=== Begin Enclosure ===
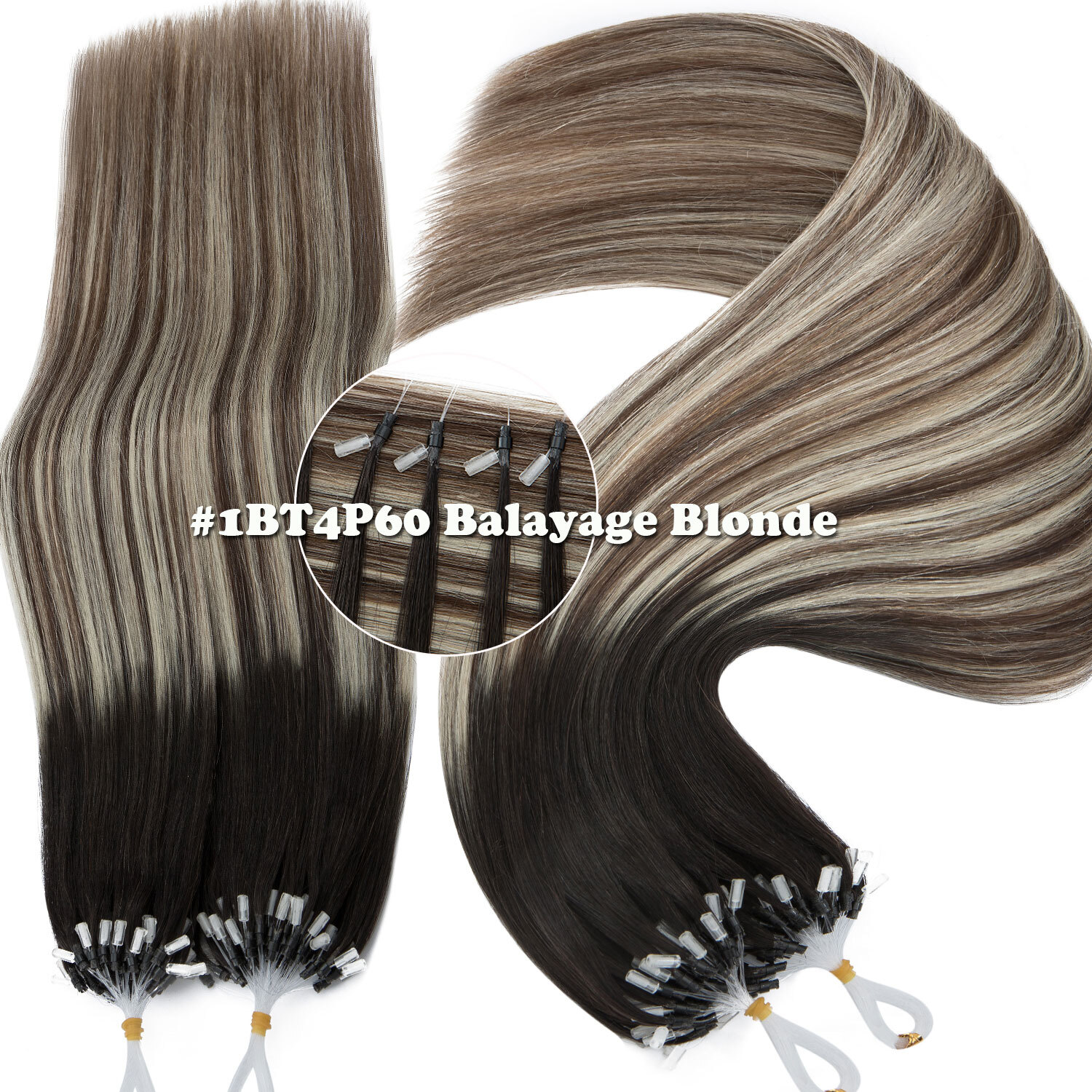 THICK 100% Russian Remy Human Hair Extensions Micro Loop Nano Ring Bead Balayage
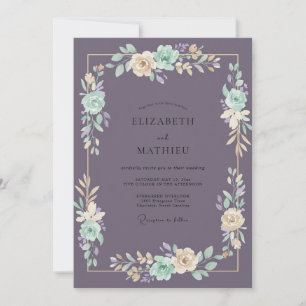 Pflaumen-Minz-Wildblumen-Hochzeit Einladung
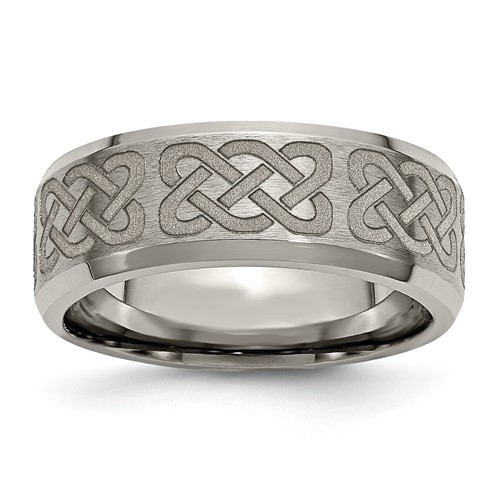 Chisel Titanium Brushed and Polished Celtic Laser Design 8mm Beveled Edge Band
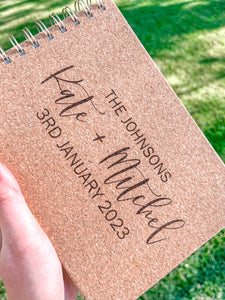 Engraved cork guestbook
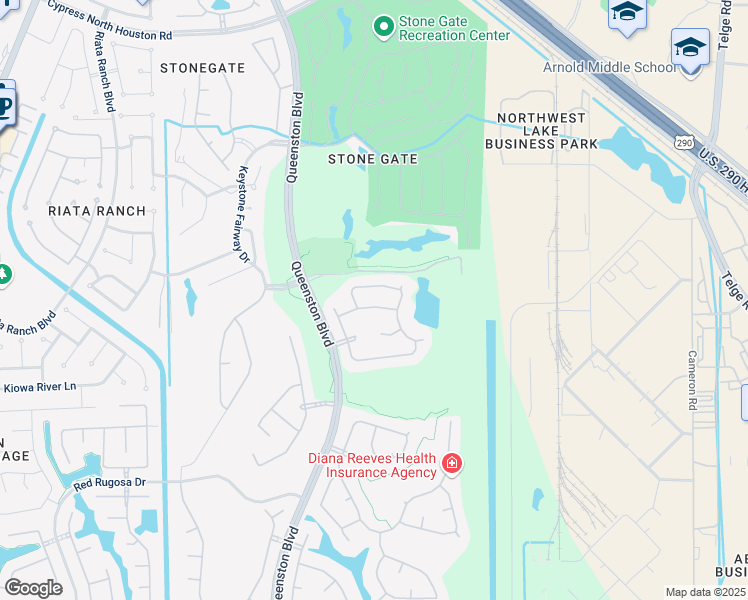map of restaurants, bars, coffee shops, grocery stores, and more near 16514 Willow Fairway Drive in Houston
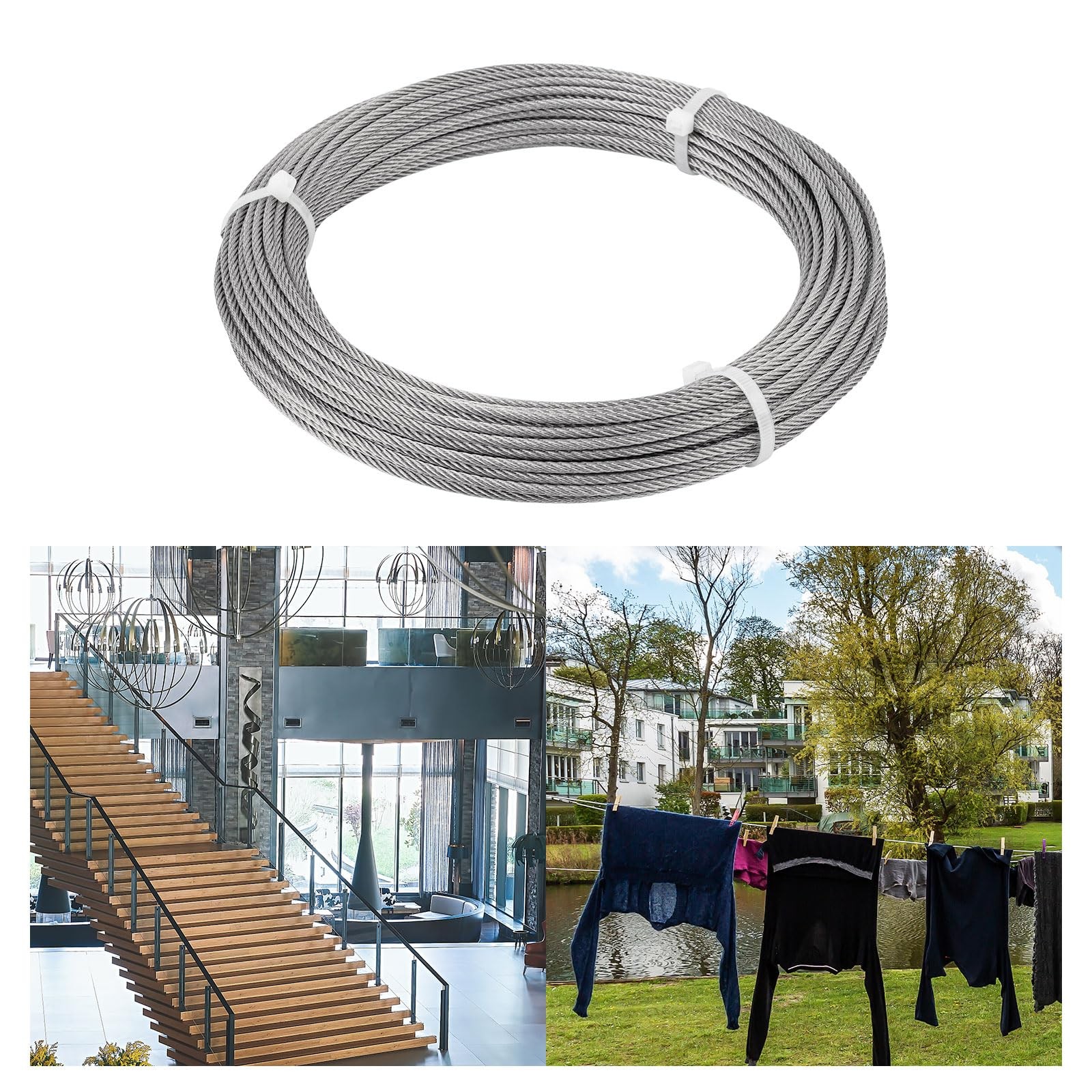 SIDAZON 1/8 inch Wire Cable,100ft Rope Metal Cable 1/8″x100FT, Silver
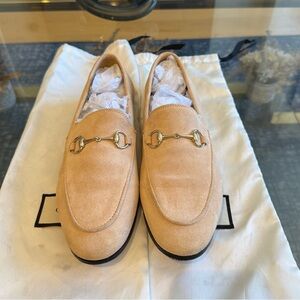 Gucci Jordaan Suede Horsebit Loafer, Rose Beige— Size 38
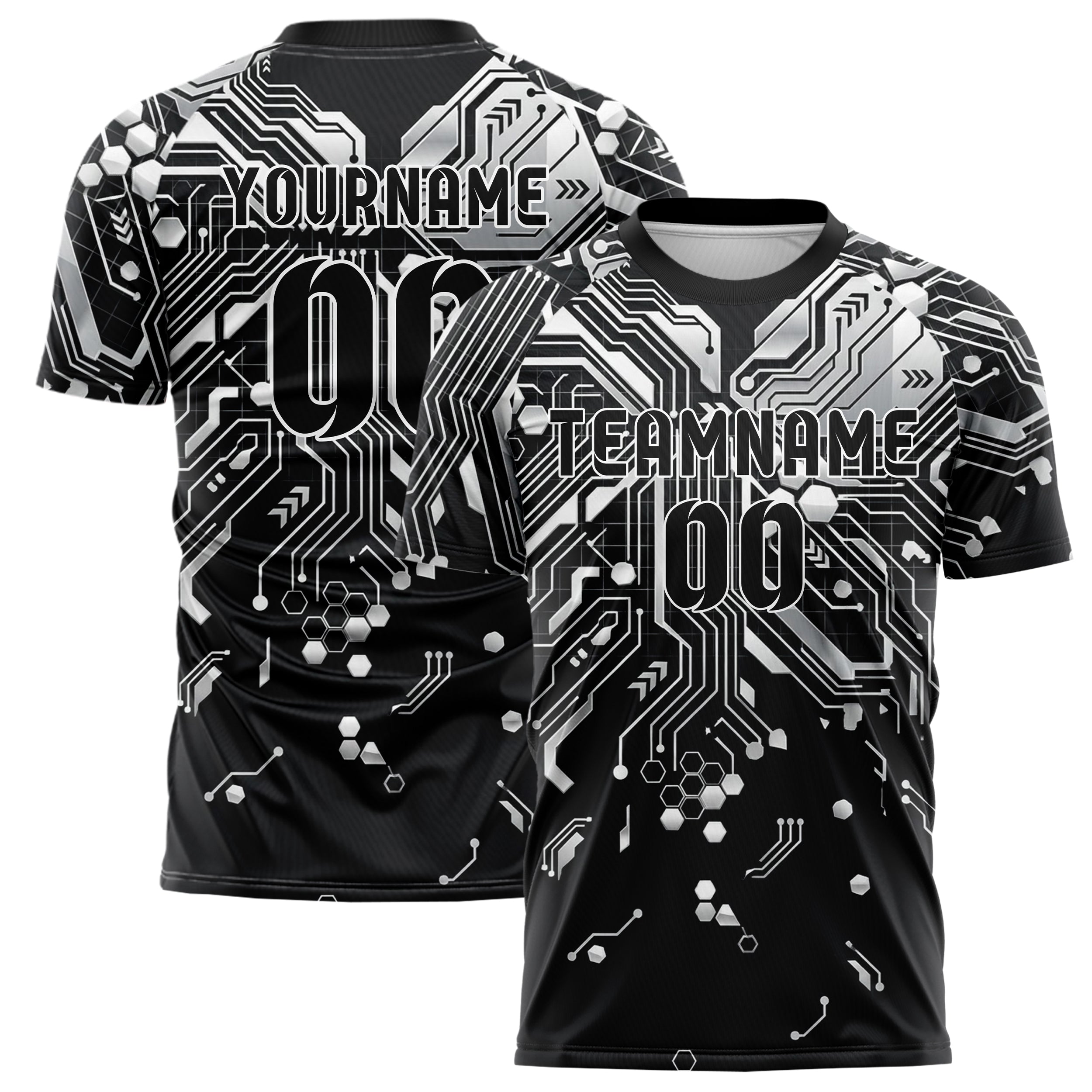 Black White Grey Circuit Board Network Custom Soccer Jersey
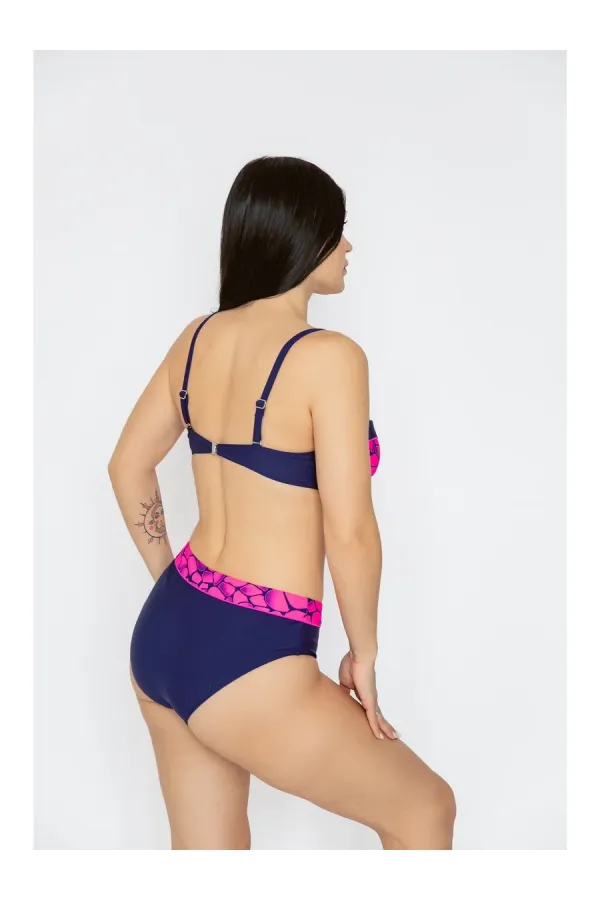 Women's Fuchsia Navy Blue Patterned Lined Bikini Set HZL25S-LC25143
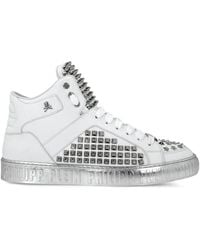Philipp Plein - Stud-Detail Leather Sneakers - Lyst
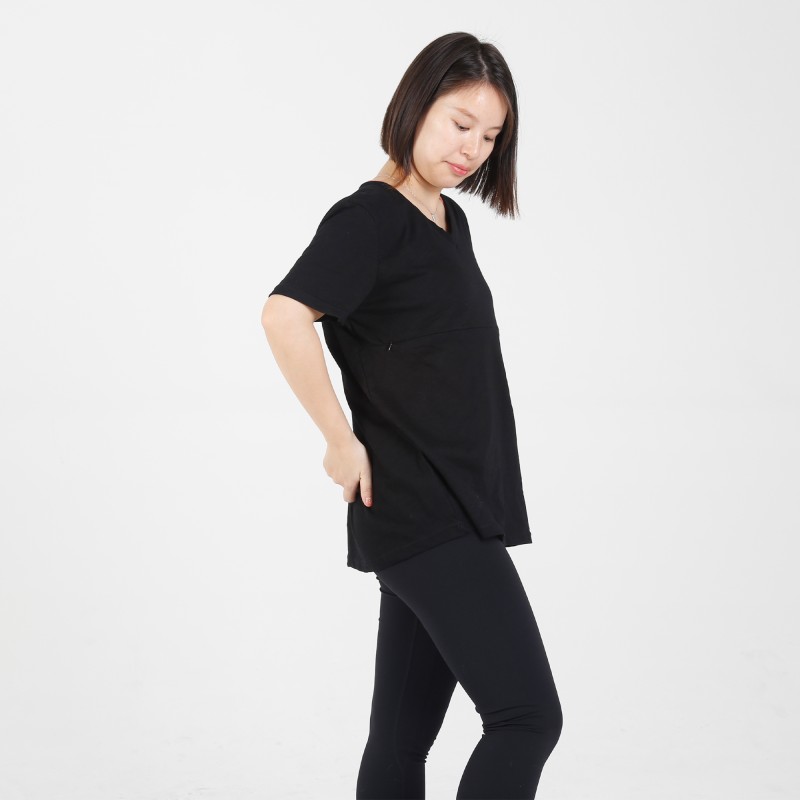 MN-T08 Waffle Fabric V-neck Matermity&Nursing Tops with Two way zip nursing easy Tee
=== End Enclosure ===
Restate the data above word for word, omitting every picture.

 THICK 100% Russian Remy Human Hair Extensions Micro Loop Nano Ring Bead Balayage
 Pflaumen-Minz-Wildblumen-Hochzeit Einladung
 Chisel Titanium Brushed and Polished Celtic Laser Design 8mm Beveled Edge Band
 Engraved cork guestbook
map of restaurants, bars, coffee shops, grocery stores, and more near 16514 Willow Fairway Drive in Houston
 SIDAZON 1/8 inch Wire Cable,100ft Rope Metal Cable 1/8″x100FT, Silver
 Gucci Jordaan Suede Horsebit Loafer, Rose Beige— Size 38
 Black White Grey Circuit Board Network Custom Soccer Jersey
 Women's Fuchsia Navy Blue Patterned Lined Bikini Set HZL25S-LC25143
Philipp Plein - Stud-Detail Leather Sneakers - Lyst
 MN-T08 Waffle Fabric V-neck Matermity&Nursing Tops with Two way zip nursing easy Tee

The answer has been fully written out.